China's Guangdong Development Bank, controlled by Citigroup, is drafting plans for an initial public offering that will likely take place next year, a source familiar with the situation said.
The mid-sized lender had yet to determine the location and size of the offering, which could consist of mainland-listed A shares, Hong Kong-listed H shares or a combination of the two, the source said yesterday. Guangdong Development Bank had no comment on the matter.
A Citigroup-led consortium bought control of Guangdong Development Bank in 2007 for $3.1 billion (Dh11.37bn) after a protracted bidding battle with French rival Societe Generale and helped turned around the struggling lender.
Last year, the bank posted a profit for a third consecutive year, clearing a hurdle for eligibility to list its shares on the mainland, and was eager to list as quickly as possible although plans were still at a preliminary stage, the source said.

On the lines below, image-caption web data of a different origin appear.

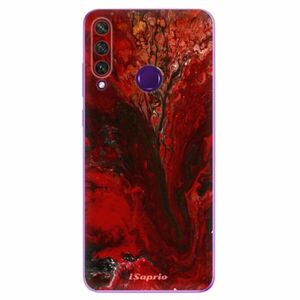 Odolné silikonové pouzdro iSaprio - RedMarble 17 - Huawei Y6p obraz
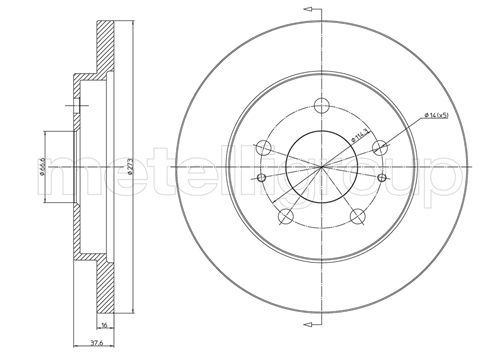 CIFAM 800-841 Brake Disc
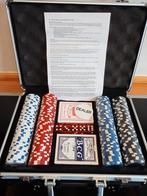 Texas hold,em pokerspel. Compleet. Niet gebruikt., Hobby en Vrije tijd, Ophalen of Verzenden, Zo goed als nieuw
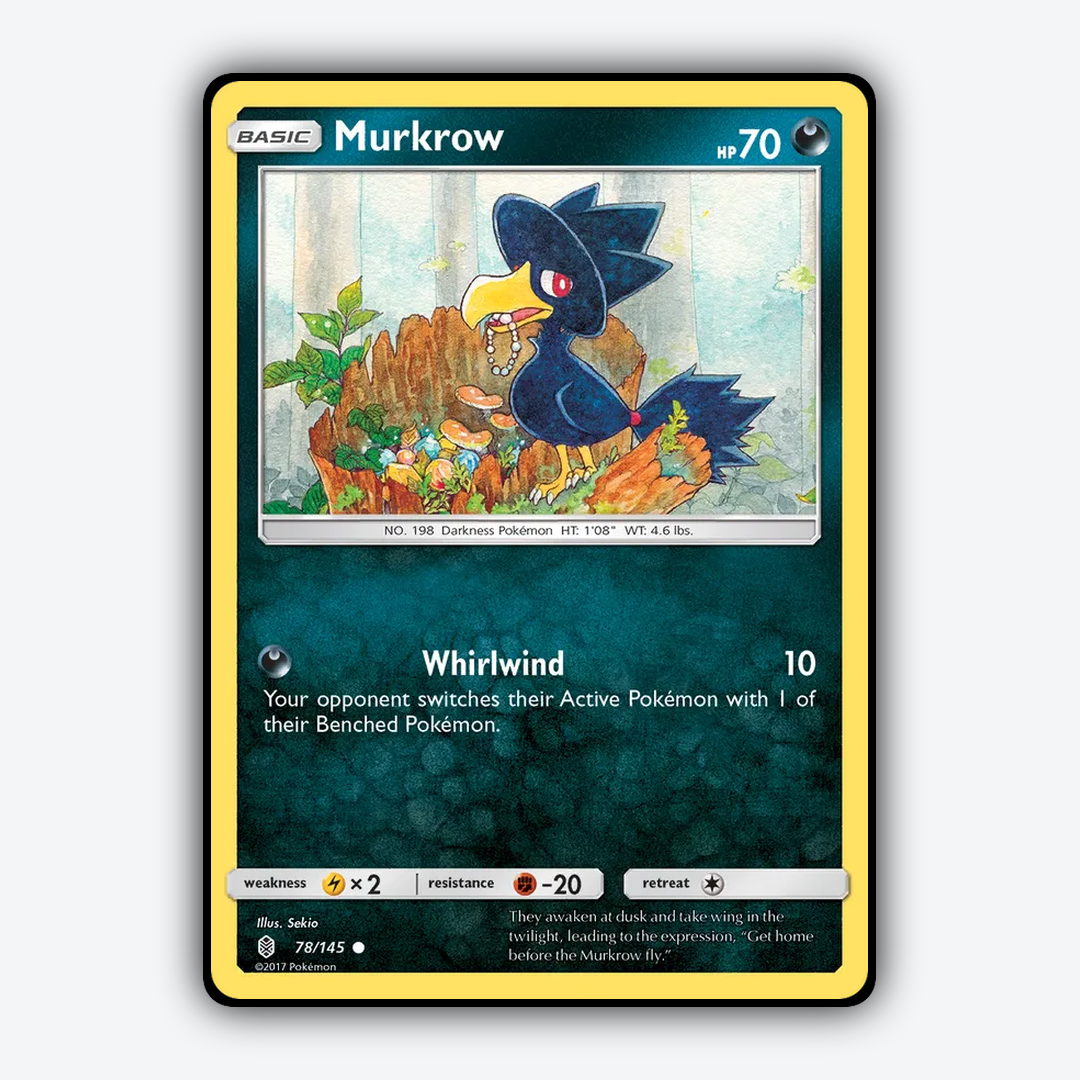 Murkrow 078/145 - Guardians Rising Set - Card Rug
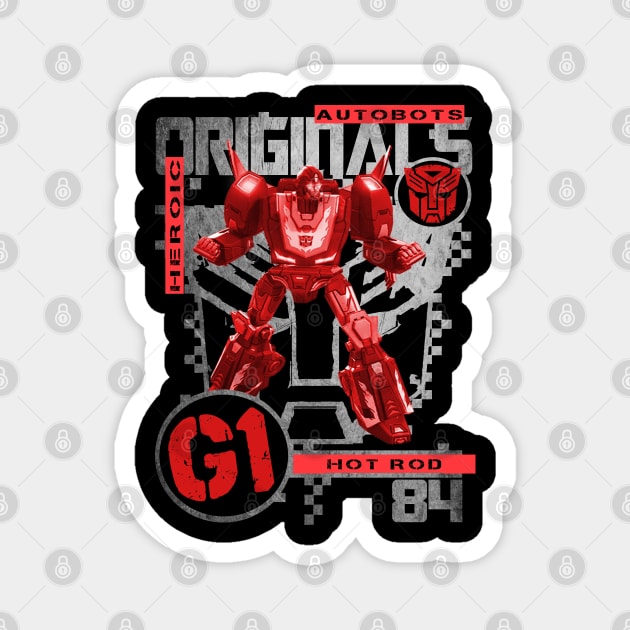 G1 Originals - Hot Rod Magnet by CRD Branding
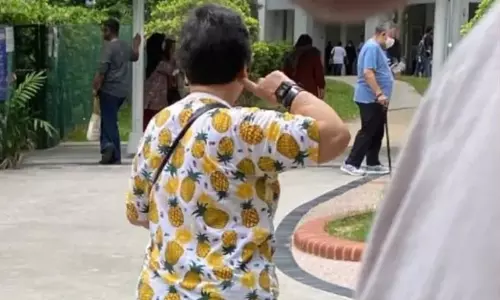 சிங்கப்பூர் அதிபர் தேர்தலில் ருசிகரம்:  அன்னாசிப்பழத்தால் வந்த பிரச்சினை...!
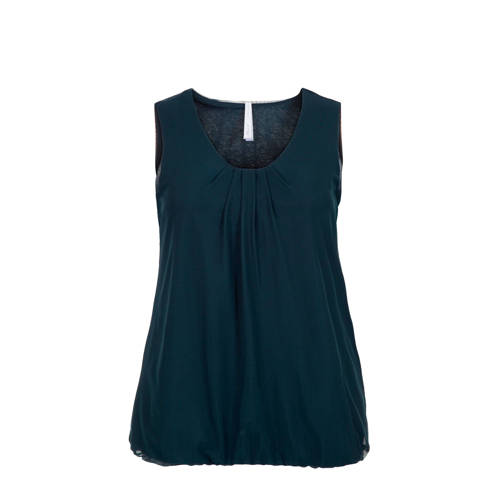 Miss Etam Plus Mouwloze Top Donkerblauw miss etam kopen in de aanbieding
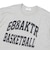 225-042005　68xAKTR ARCH LOGO TEE　LIGHT GRAY　705366-0002
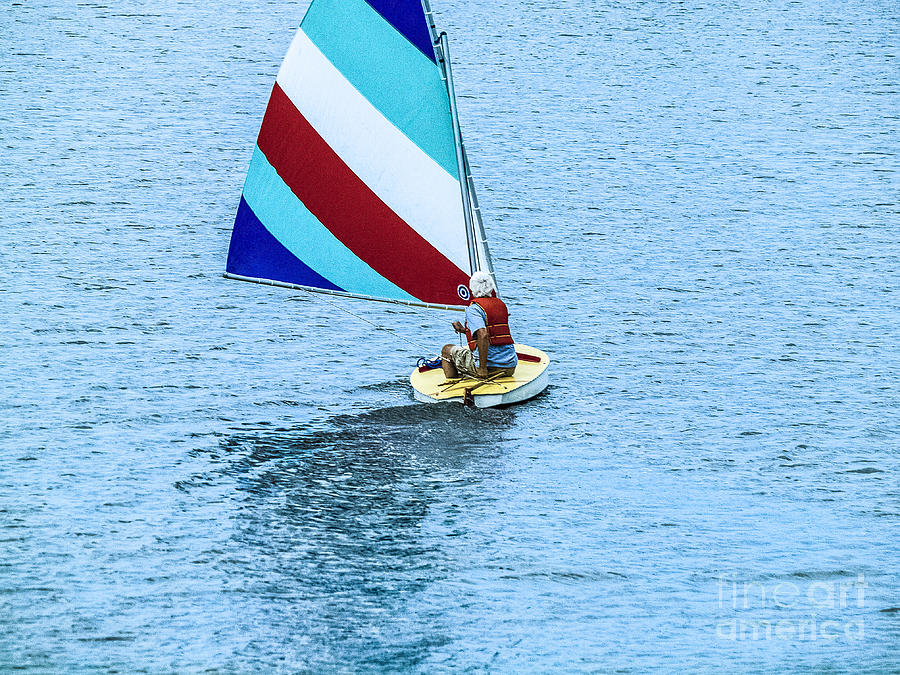 Blue Water Sailing Photograph - Wascana-24 by David Fabian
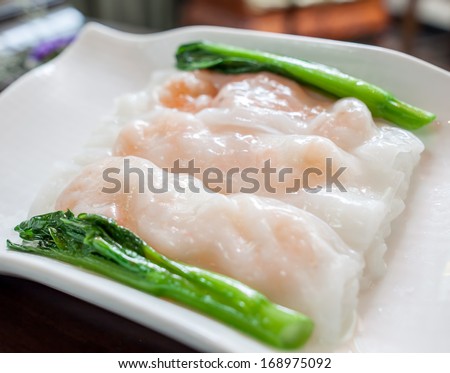 Cheng fan/ Cheung fun/ rice noodle roll /cantonese food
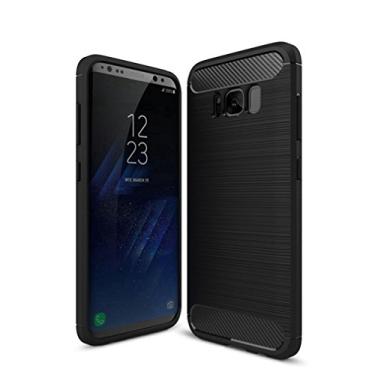 Imagem de Capa para Samsung Galaxy S8, toque macio, proteção total, anti-arranhões e impressões digitais + capa de celular resistente a arranhões para Samsung Galaxy S8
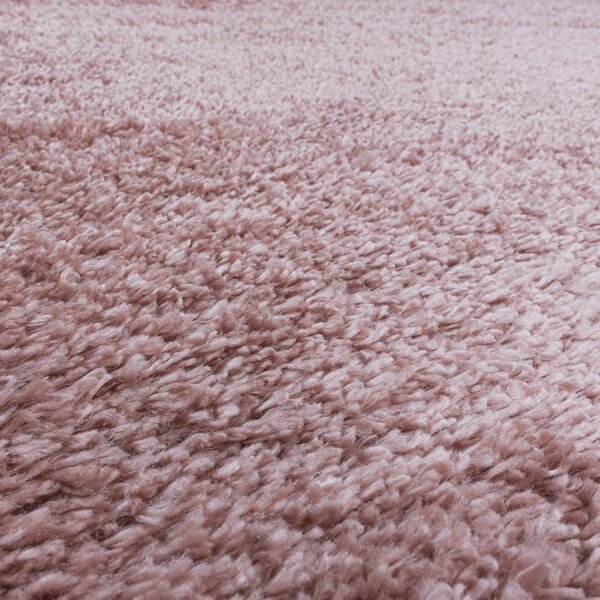 Rožnat tekač 80x250 cm Fluffy – Ayyildiz Carpets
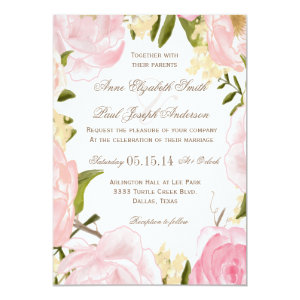 Romantic Floral wedding invitation 5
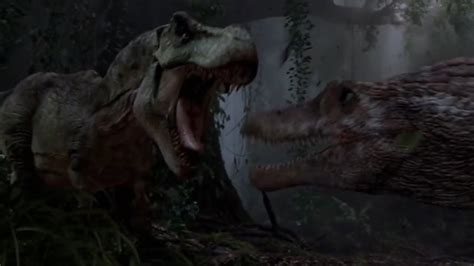 TYRANNOSAURUS REX vs SPINOSAURUS!!! (Jurassic Park 3 DEBATE) - YouTube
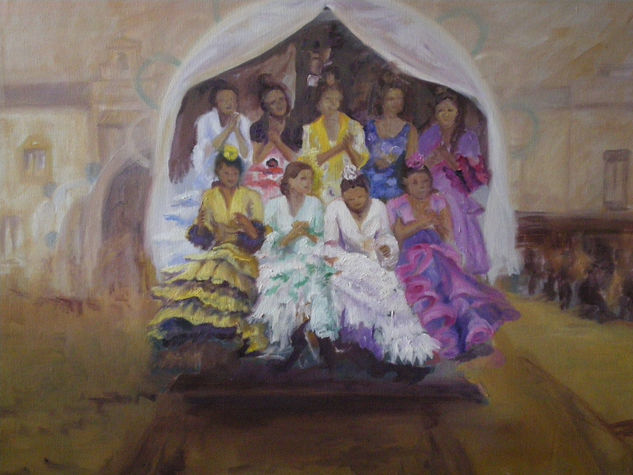 Carreta del Rocio Oil Canvas Others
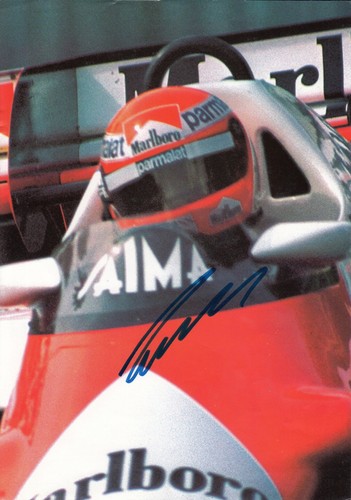 Signierte niki lauda - niki,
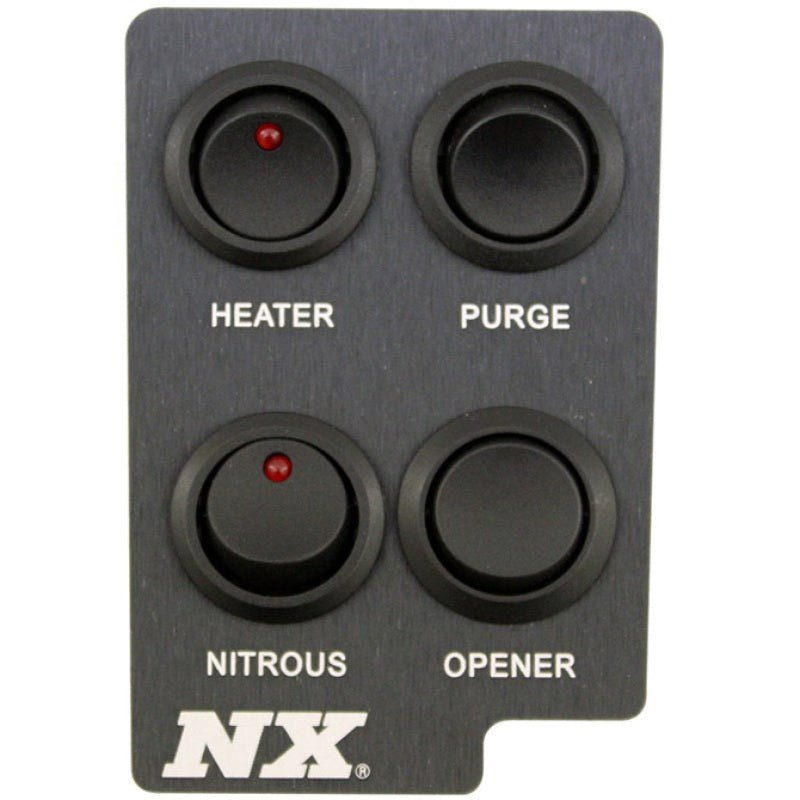 Nitrous Express 05 - 14 Ford Mustang Custom Switch Panel with Interchangeable Laser Engraved Nameplates | nex15785 - JDMuscleSPK339017
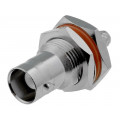 ; Socket; BNC; female; straight; 50Ω; 3C2V,RG141,RG58; crimped; 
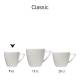 Classic Espresso Kop wit 7 cl. bedrukken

Total assets doubled to Y666.5bn (Dh358.6bn) in 2009 from three years earlier, while net profit jumped 22 per cent last year as loans rose at the same pace to Y390.9 billion, the official Xinhua News Agency reported on March 12, citing President Michael Zink, a former Citigroup executive.
Citigroup, with a 20 per cent stake, holds de facto management control of Guangdong Development Bank. China Life, the country's largest life insurer, also owns 20 per cent of the lender.